With the tasty flavor of the broth made of the root veggies – potatoes, carrots, rutabagas, and lamb, Kjötsúpa comforted and warmed me up.
Don’t forget to try smoked lamb when you visit Iceland. Although smoked lamb is a traditional Icelandic dish which is usually severed on Christmas day, you can still find it in many restaurants.
Another Icelandic food to try on this list is flatbread, which is made of the mixture of rye flour and whole wheat flour.
It is usually served with some butter and a slice of smoked lamb or smoked salmon. I tried the one with smoked lamb, and that combination was delicious!
I had this meal at Loki café, which is an excellent restaurant that served traditional Icelandic food with a beautiful view.
The decoration was unique, and the service was great too! I recommend this place.
There is a popular hot dog chain in the heart of Iceland, Reykjavik named Bæjarins Beztu Pylsur, which means “The best in town.”
It has operated since 1937, and famous for its lamb sausages. Many famous people have visited this stand, including Bill Clinton (2004). This place is selected as the best hot dog stand in Europe.
Side note: According to my Icelandic friend, it’s probably just something they say to sell it to tourists. It’s just hot dogs with a mash of leftover meat that is mostly pork, then some beef and lamb.
Do you know how people have breakfast in Iceland?
It’s common to get some bread (Kleina) and drink cocoa milk.

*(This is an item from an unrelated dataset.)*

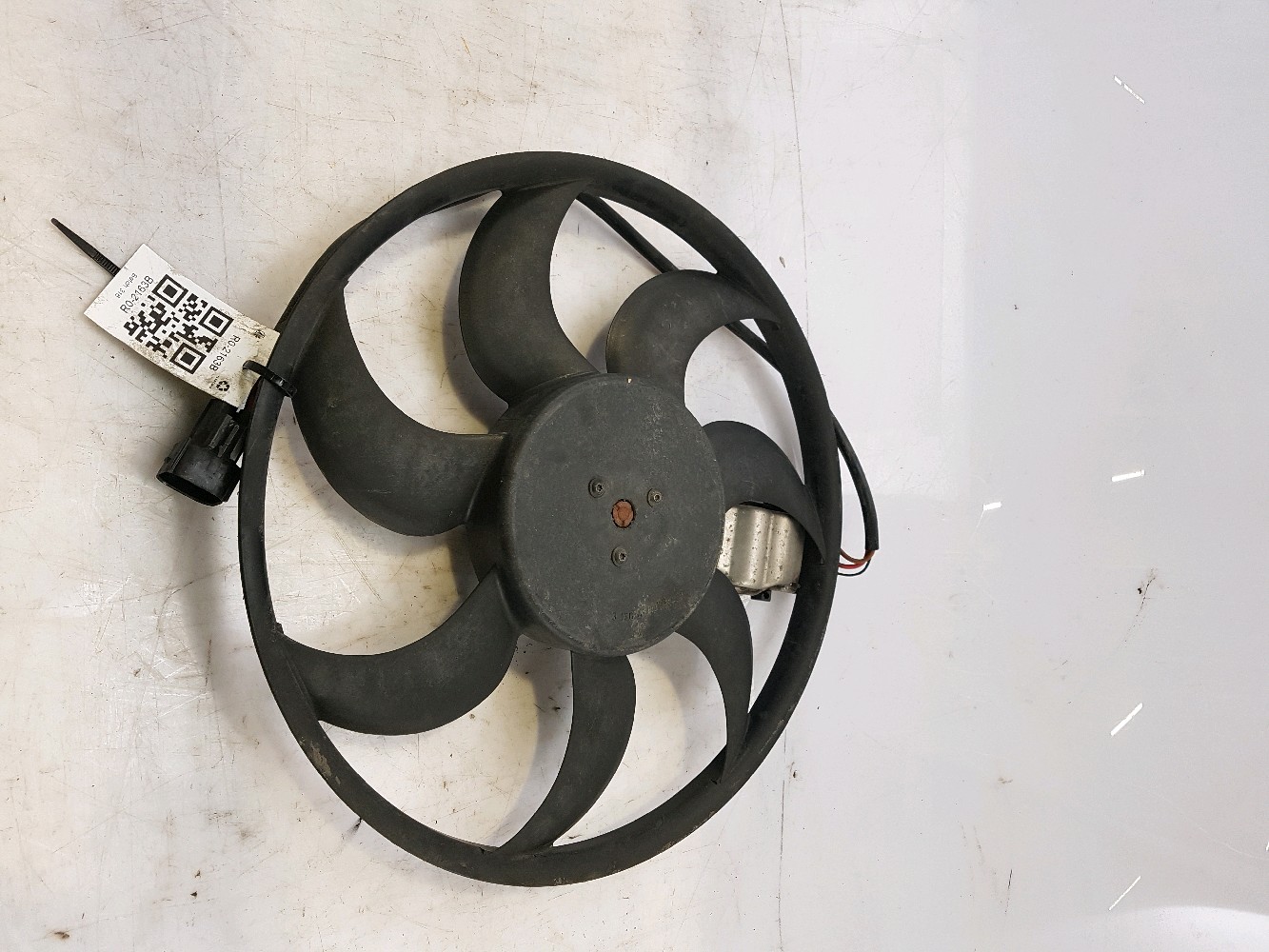 Groupe motoventilateur 17425A3F105 - BMW SERIE 1 1 PH.2 118 D - R0-2163B R0-2163B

Licorice candy is popular in Nordic countries, and so is Iceland.
There are various candy stores in Reykjavik, Iceland with different flavors. I think the taste is quite weird, but many people love it, so try it!
Sheep’s head is one of the traditional Icelandic food that rarely eat today. If you’re looking to try something special (and challenging), sheep’s head should be on your list.
I didn’t try it though. I cannot eat without imagining the sheep is staring at me!